3-D Scaled Physical Modelling
SRC houses two state-of-the-art physical model laboratories to study a variety of hybrid thermal-solvent (TSVX) based and solvent-based (SVX) enhanced oil recovery processes. Using the largest known physical modelling apparatus in the world, these studies are intended to provide a clearer understanding of rate controlling mechanisms for the purpose of accelerating the development, deployment and optimization of these processes for the heavy oil and oil sands industries.
The hybrid TSVX physical model is an improved and more capable version of the SVX as it can operate at higher temperatures, which enables researchers at SRC to evaluate and develop the full spectrum for steam-solvent processes.

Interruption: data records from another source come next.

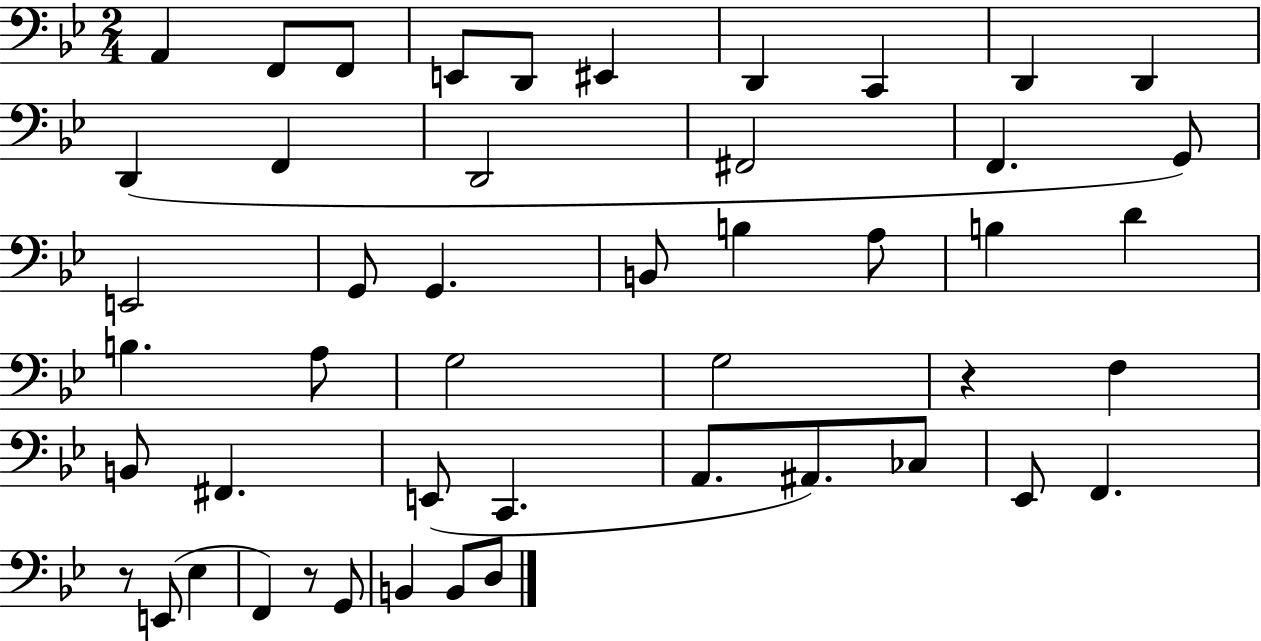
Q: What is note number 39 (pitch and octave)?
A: E2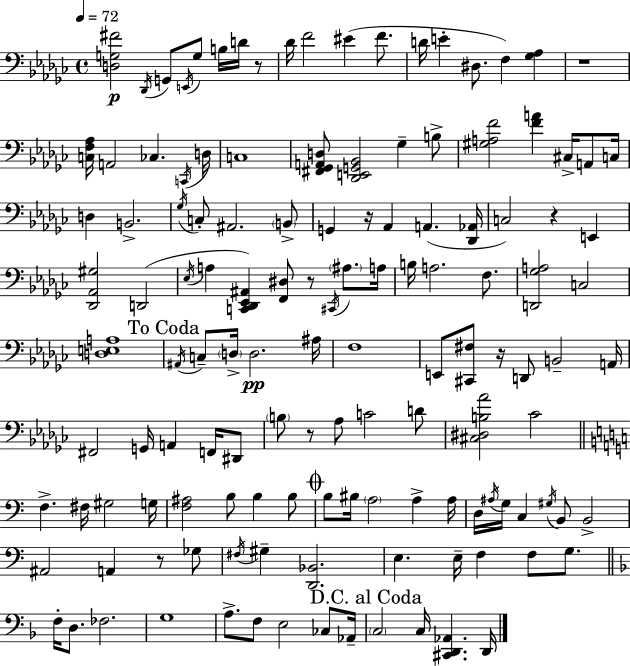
[D3,G3,F#4]/h Db2/s G2/e E2/s G3/e B3/s D4/s R/e Db4/s F4/h EIS4/q F4/e. D4/s E4/q D#3/e. F3/q [Gb3,Ab3]/q R/w [C3,F3,Ab3]/s A2/h CES3/q. C2/s D3/s C3/w [F#2,Gb2,A2,D3]/e [Db2,E2,G2,Bb2]/h Gb3/q B3/e [G#3,A3,F4]/h [F4,A4]/q C#3/s A2/e C3/s D3/q B2/h. Gb3/s C3/e A#2/h. B2/e G2/q R/s Ab2/q A2/q. [Db2,Ab2]/s C3/h R/q E2/q [Db2,Ab2,G#3]/h D2/h Eb3/s A3/q [C2,Db2,Eb2,A#2]/q [F2,D#3]/e R/e C#2/s A#3/e. A3/s B3/s A3/h. F3/e. [D2,Gb3,A3]/h C3/h [D3,E3,A3]/w A#2/s C3/e D3/s D3/h. A#3/s F3/w E2/e [C#2,F#3]/e R/s D2/e B2/h A2/s F#2/h G2/s A2/q F2/s D#2/e B3/e R/e Ab3/e C4/h D4/e [C#3,D#3,B3,Ab4]/h CES4/h F3/q. F#3/s G#3/h G3/s [F3,A#3]/h B3/e B3/q B3/e B3/e BIS3/s A3/h A3/q A3/s D3/s A#3/s G3/s C3/q G#3/s B2/e B2/h A#2/h A2/q R/e Gb3/e F#3/s G#3/q [D2,Bb2]/h. E3/q. E3/s F3/q F3/e G3/e. F3/s D3/e. FES3/h. G3/w A3/e. F3/e E3/h CES3/e Ab2/s C3/h C3/s [C#2,D2,Ab2]/q. D2/s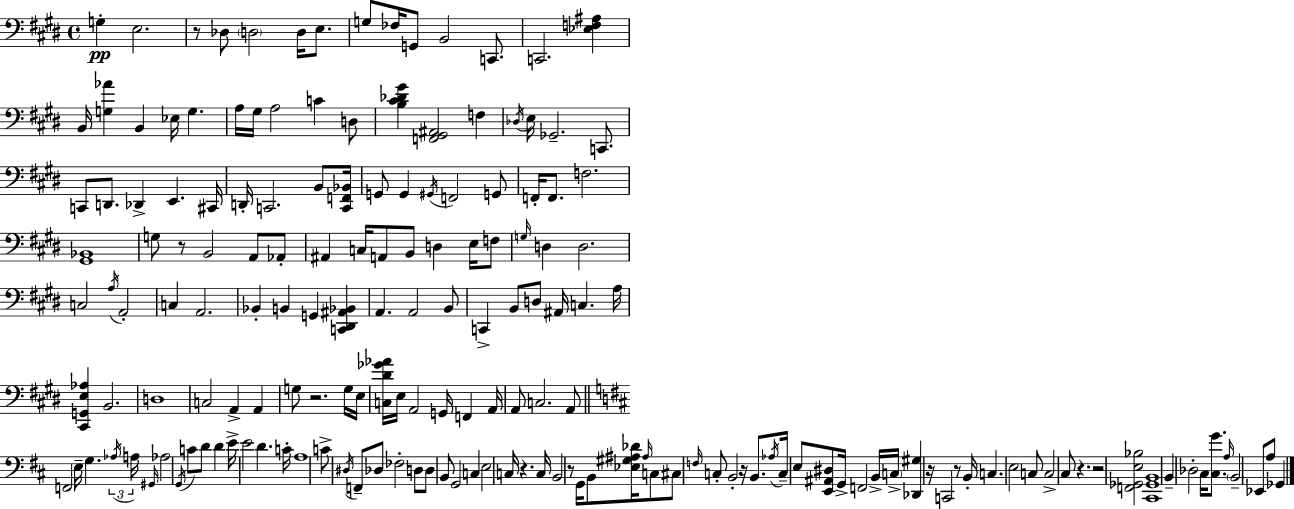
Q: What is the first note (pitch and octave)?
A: G3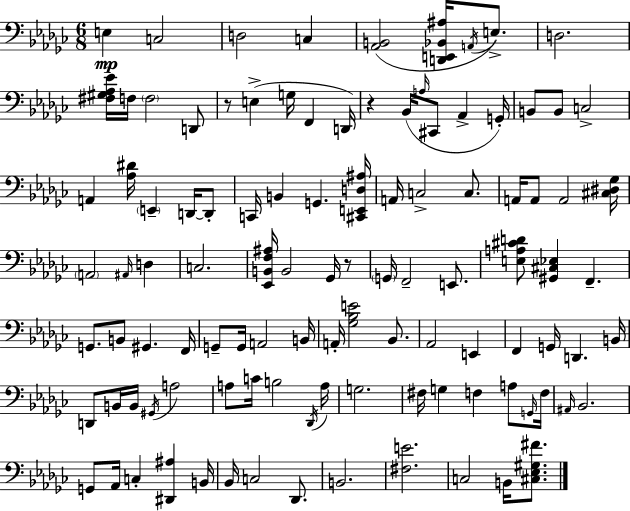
{
  \clef bass
  \numericTimeSignature
  \time 6/8
  \key ees \minor
  e4\mp c2 | d2 c4 | <aes, b,>2( <d, e, bes, ais>16 \acciaccatura { a,16 }) e8.-> | d2. | \break <fis gis aes ees'>16 f16 \parenthesize f2 d,8 | r8 e4->( g16 f,4 | d,16) r4 bes,16( \grace { a16 } cis,8 aes,4-> | g,16-.) b,8 b,8 c2-> | \break a,4 <aes dis'>16 \parenthesize e,4-- d,16~~ | d,8-. c,16 b,4 g,4. | <cis, e, d ais>16 a,16 c2-> c8. | a,16 a,8 a,2 | \break <cis dis ges>16 \parenthesize a,2 \grace { ais,16 } d4 | c2. | <ees, b, f ais>16 b,2 | ges,16 r8 \parenthesize g,16 f,2-- | \break e,8. <e a cis' d'>8 <gis, cis ees>4 f,4.-- | g,8. b,8 gis,4. | f,16 g,8-- g,16 a,2 | b,16 a,16-. <ges bes e'>2 | \break bes,8. aes,2 e,4 | f,4 g,16 d,4. | b,16 d,8 b,16 b,16 \acciaccatura { gis,16 } a2 | a8 c'16 b2 | \break \acciaccatura { des,16 } a16 g2. | fis16 g4 f4 | a8 \grace { g,16 } f16 \grace { ais,16 } bes,2. | g,8 aes,16 c4-. | \break <dis, ais>4 b,16 bes,16 c2 | des,8. b,2. | <fis e'>2. | c2 | \break b,16 <cis ees gis fis'>8. \bar "|."
}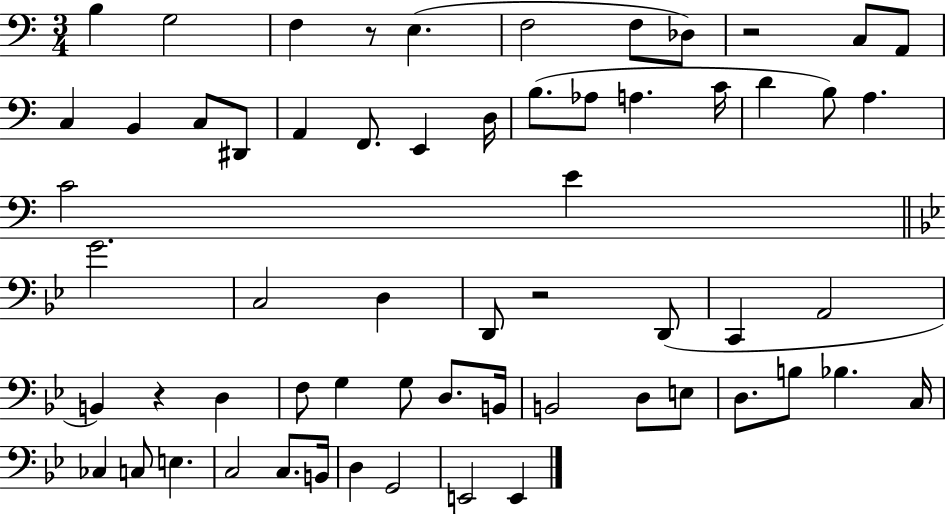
X:1
T:Untitled
M:3/4
L:1/4
K:C
B, G,2 F, z/2 E, F,2 F,/2 _D,/2 z2 C,/2 A,,/2 C, B,, C,/2 ^D,,/2 A,, F,,/2 E,, D,/4 B,/2 _A,/2 A, C/4 D B,/2 A, C2 E G2 C,2 D, D,,/2 z2 D,,/2 C,, A,,2 B,, z D, F,/2 G, G,/2 D,/2 B,,/4 B,,2 D,/2 E,/2 D,/2 B,/2 _B, C,/4 _C, C,/2 E, C,2 C,/2 B,,/4 D, G,,2 E,,2 E,,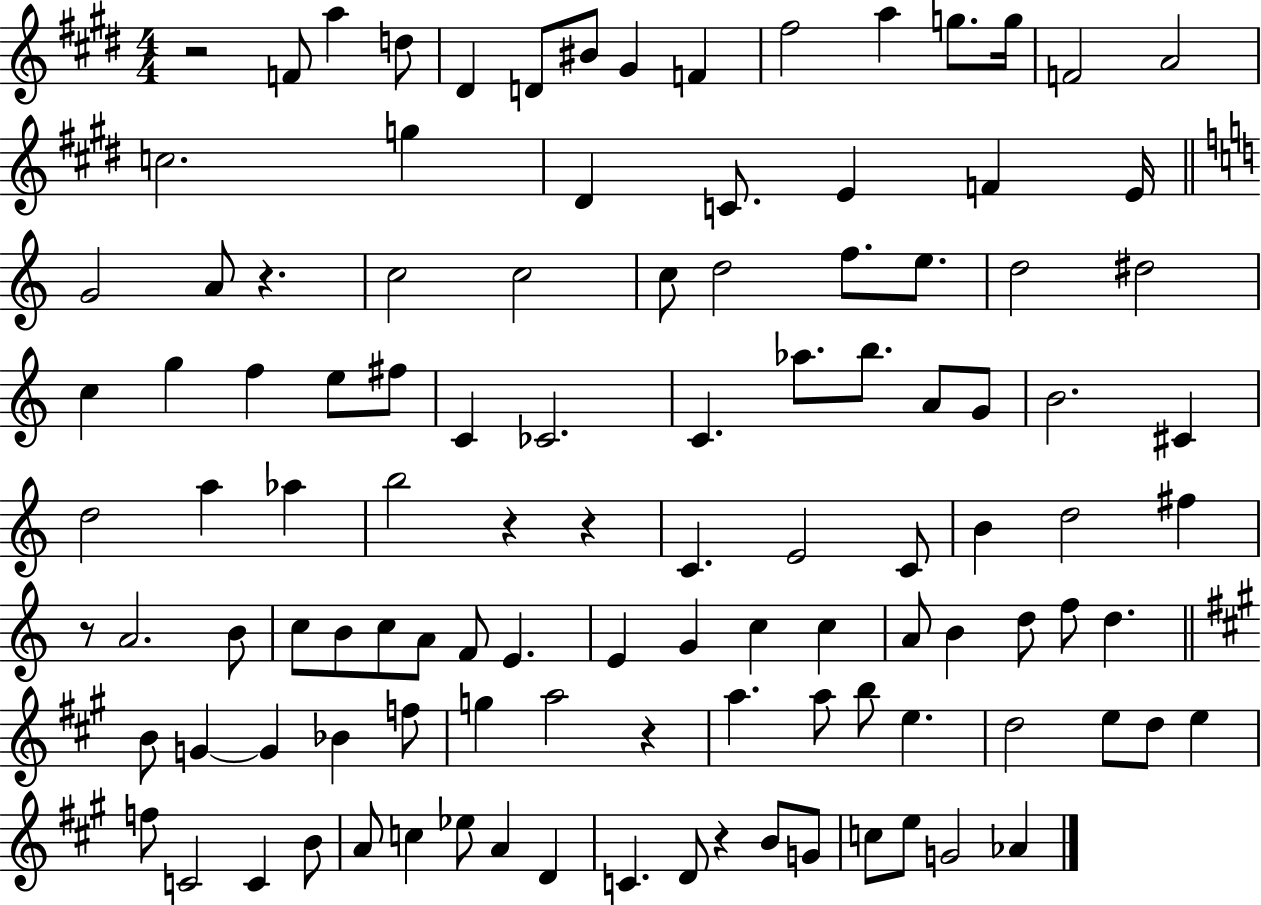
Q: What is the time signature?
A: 4/4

History matching of the experimental runs using advanced algorithms provides for the calibration of numerical simulators predicting field-scale performance. Coupled with comprehensive economic models, both the technical and the economic viability can be determined for a particular TSVX or SVX process.
The physical model apparatus consists of the overburden pressure vessel (OBV) system rated for 10.5 MPa, working pressure at 10 to 60 C for SVX and 10 to 250 C for TSVX processes. The OBV can operate in both the horizontal and vertical positions, and can accommodate large physical models with a vertical reservoir thickness of up to 2.5 metres, pore volumes between 80 and 150 litres for SVX and 80 and 180 litres for TSVX that contain either vertical or horizontal wells and any type of porous media, and can accommodate the injection of any combination of liquids and/or gases.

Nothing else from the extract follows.